Towards Robust Robot 3D Perception in Urban Environments: The UT Campus Object Dataset

Arthur Zhang,Chaitanya Eranki,Christina Zhang,Ji-Hwan Park,Raymond Hong,Pranav Kalyani,Lochana Kalyanaraman,Arsh Gamare,Arnav Bagad,Maria Esteva,Joydeep Biswas

from arxiv, 19 pages, 18 figures, 12 tables

We introduce the UT Campus Object Dataset (CODa), a mobile robot egocentric perception dataset collected on the University of Texas Austin Campus. Our dataset contains 8.5 hours of multimodal sensor data: synchronized 3D point clouds and stereo RGB video from a 128-channel 3D LiDAR and two 1.25MP RGB cameras at 10 fps; RGB-D videos from an additional 0.5MP sensor at 7 fps, and a 9-DOF IMU sensor at 40 Hz. We provide 58 minutes of ground-truth annotations containing 1.3 million 3D bounding boxes with instance IDs for 53 semantic classes, 5000 frames of 3D semantic annotations for urban terrain, and pseudo-ground truth localization. We repeatedly traverse identical geographic locations for a wide range of indoor and outdoor areas, weather conditions, and times of the day.
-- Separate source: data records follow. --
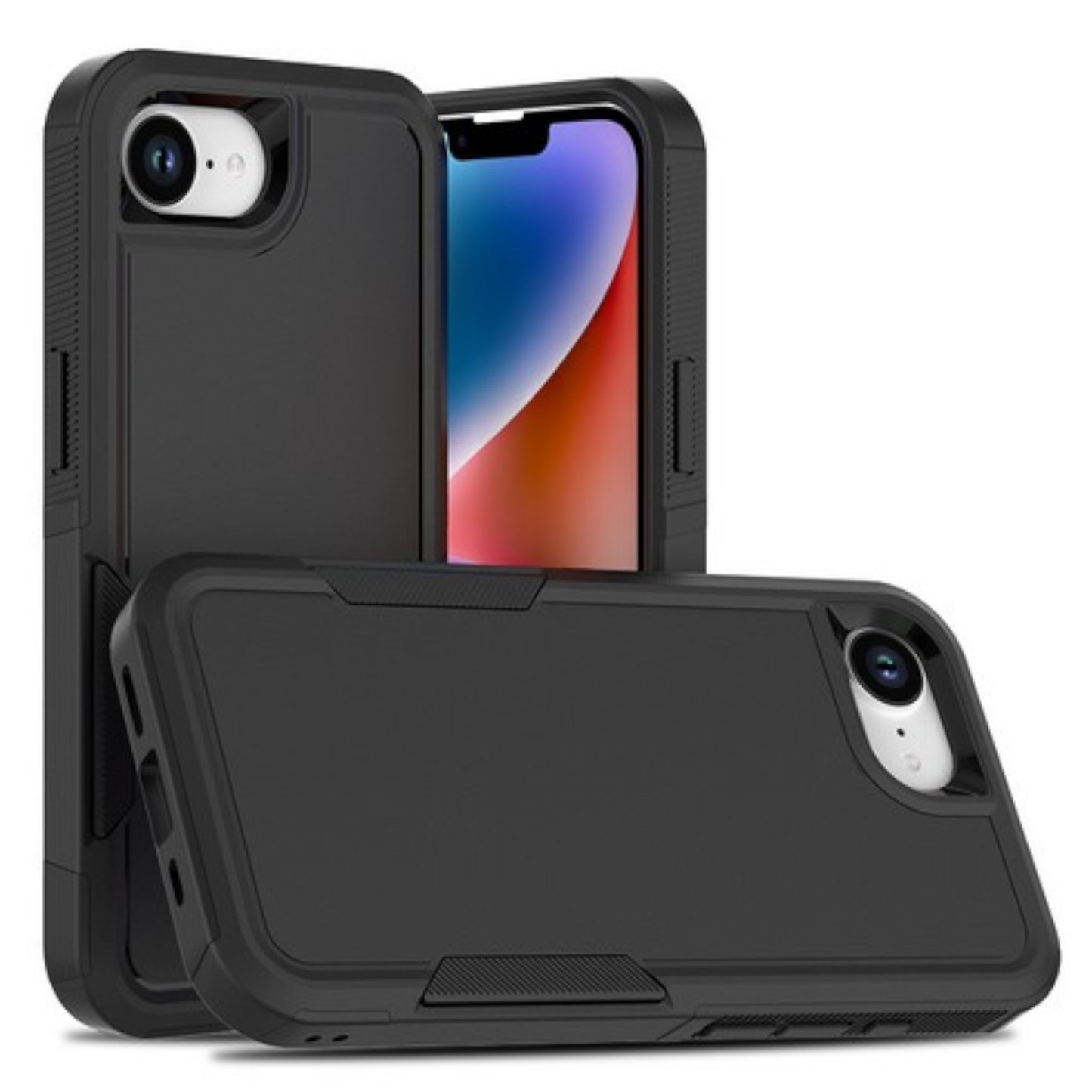 For Samsung Galaxy A32 Rugged Heavy-Duty Dual Layer Military-Grade, Rubber TPU Defender, Hybrid Shockproof Case Cover Black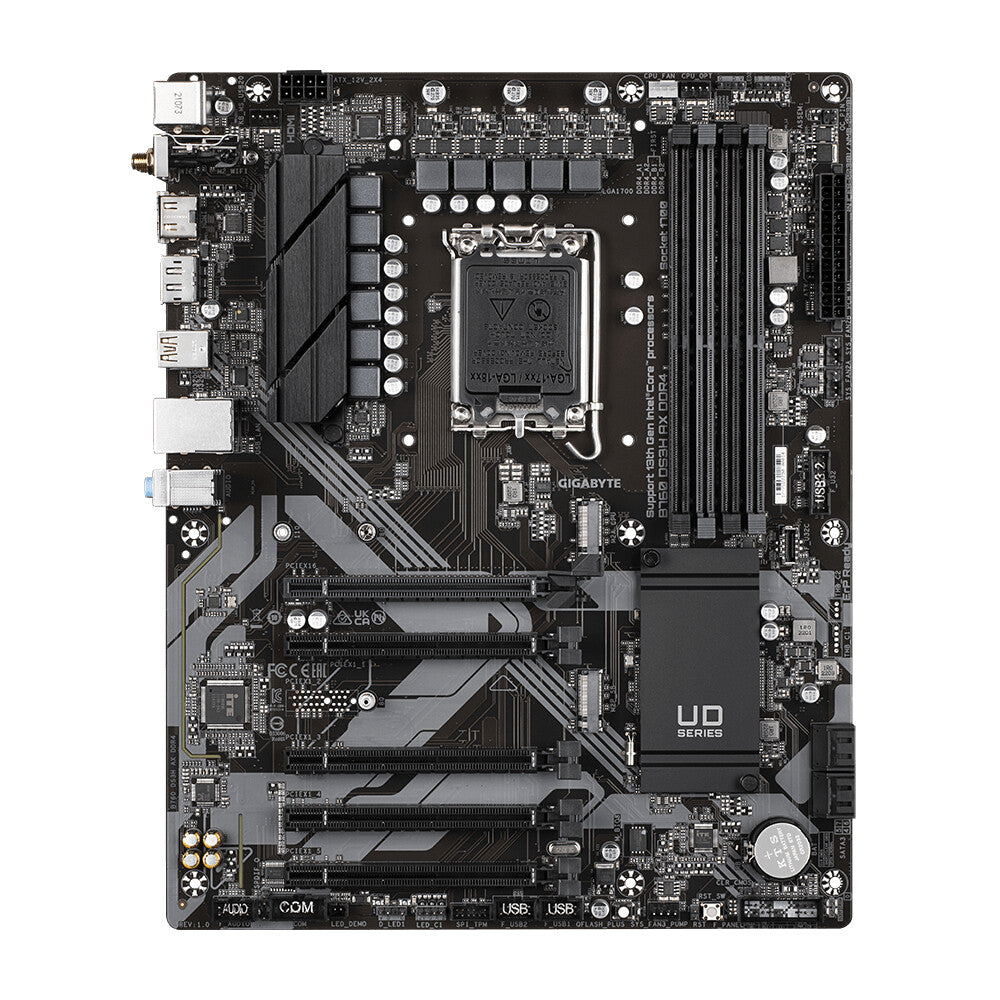 Placa base Gigabyte B760 DS3H AX DDR4, Intel Socket 1700, 12.ª/13.ª generación, 1 PCIe 4.0 x16, 2 PCIe 4.0 M.2, ATX, USB tipo C, LAN 2,5 GbE, Wi-Fi 6E 802.11ax, HDMI, DisplayPort , Ventilador inteligente 6, Q-Flash Plus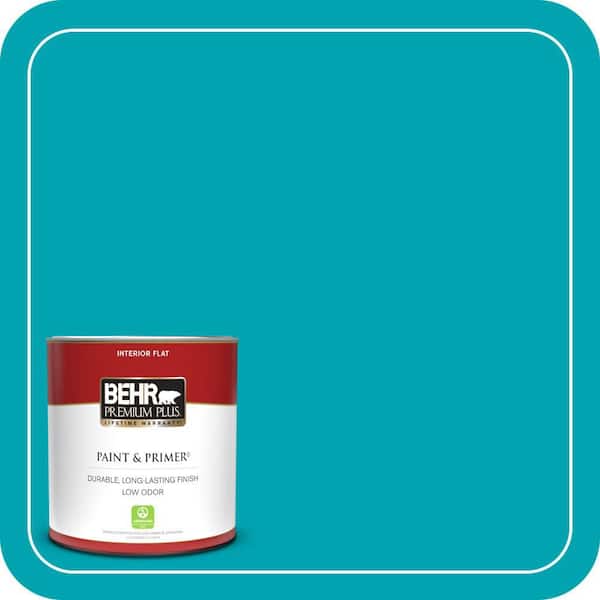 BEHR PREMIUM PLUS 1 qt. #510B-6 Blue Jewel Flat Low Odor Interior Paint & Primer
Using CODa, we empirically demonstrate that: 1) 3D object detection performance in urban settings is significantly higher when trained using CODa compared to existing datasets even when employing state-of-the-art domain adaptation approaches, 2) sensor-specific fine-tuning improves 3D object detection accuracy and 3) pretraining on CODa improves cross-dataset 3D object detection performance in urban settings compared to pretraining on AV datasets. Using our dataset and annotations, we release benchmarks for 3D object detection and 3D semantic segmentation using established metrics. In the future, the CODa benchmark will include additional tasks like unsupervised object discovery and re-identification. We publicly release CODa on the Texas Data Repository, pre-trained models, dataset development package, and interactive dataset viewer on our website at https://amrl.cs.utexas.edu/coda. We expect CODa to be a valuable dataset for research in egocentric 3D perception and planning for autonomous navigation in urban environments.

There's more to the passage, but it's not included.